But increasing competition is pushing retailers to be more imaginative
in their presentation. Public advertising is forbidden, but managers
are displaying a more colourful array of products on their shelves and
expressing a wider range of ideas about their role.

"I
feel my business is standing on the front lines of a sexual
revolution," Meng Yu, who runs the G-Spot, told the domestic media. "I
believe all adults have the same right to enjoy sexual pleasure. There
should be no difference between the orient and the west on this point."

But
achieving recognition has been a hard slog. Before he was able to open
Shaki in 1995, the owner, Fang Hong, said it took him years to acquire
the necessary permits from 36 different government agencies.

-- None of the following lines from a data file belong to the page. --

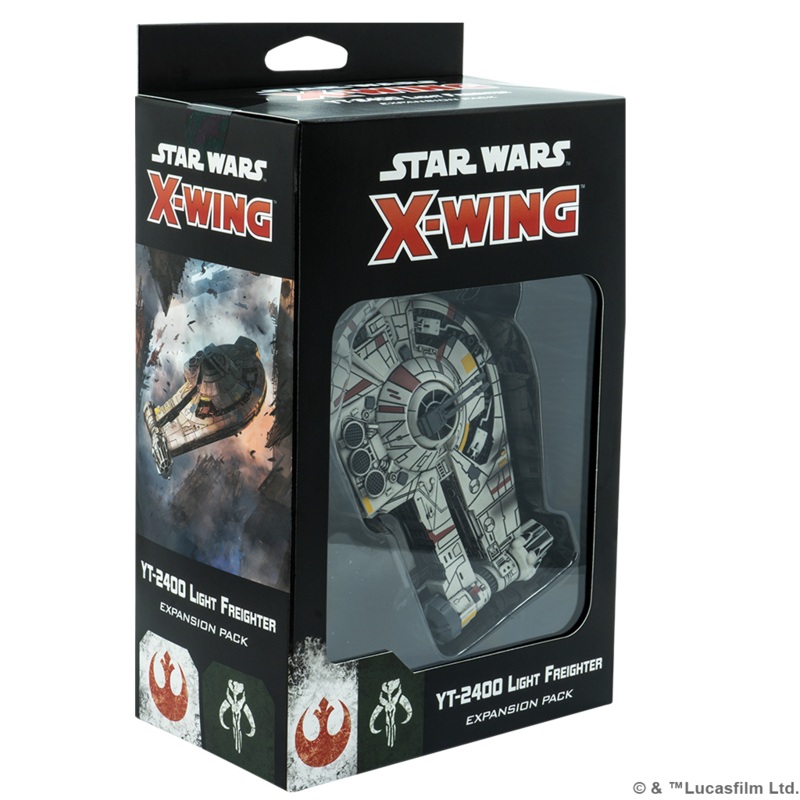 Star Wars X-wing 2nd Edition Yt-2400 Light Freighter (2023)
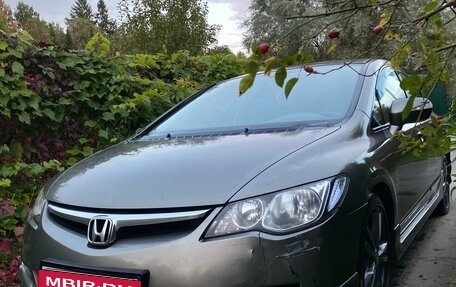 Honda Civic VIII, 2008 год, 500 000 рублей, 2 фотография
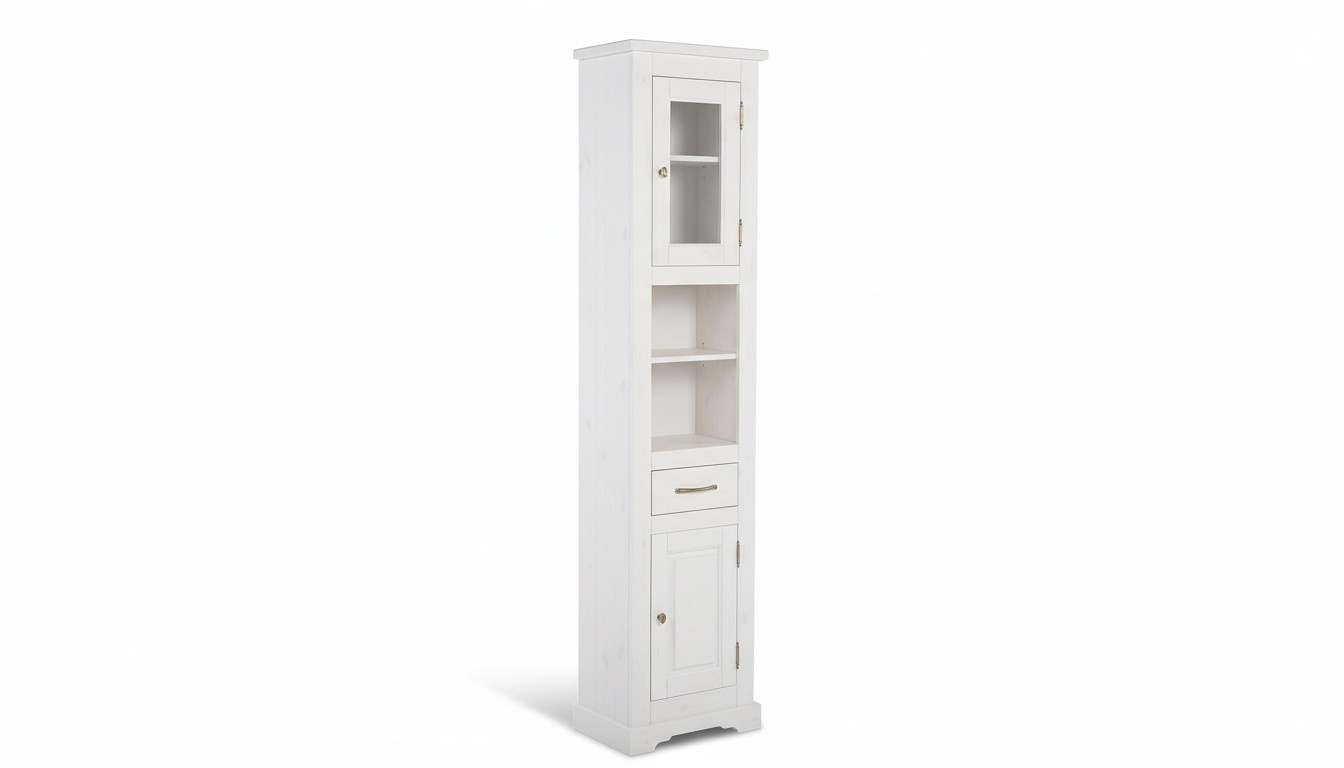 Bathroom tall cabinet shelf bathroom cabinet bathroom furniture shelves bathroom cabinets 45x36x180cm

His
business, which has since grown at the rate of more than 20% per year,
now employs 300 people during the peak season before Christmas.

At
the company's factory in the People Love Technology Park in Shenzhen,
products are tailored to meet the different demands of major buyers in
Japan and the US.

Casting
an expert eye over a range of blow-up dolls, he said westerners
preferred large realistic figures with lipstick and wigs, while his
Asian customers tended towards petite inflatables with cartoon faces.
"I think Asians emphasise the fantasy element of play, while westerners
think more in terms of realism and utilisation," he said.

Given China's 1.3 billion population, he said domestic sales were relatively small, but were growing fast.

At
a sex toy fair last year in Shanghai, the organisers estimated that the
business was already worth 100 bn renminbi (£6.6bn) and expanding at
the rate of 30% per year....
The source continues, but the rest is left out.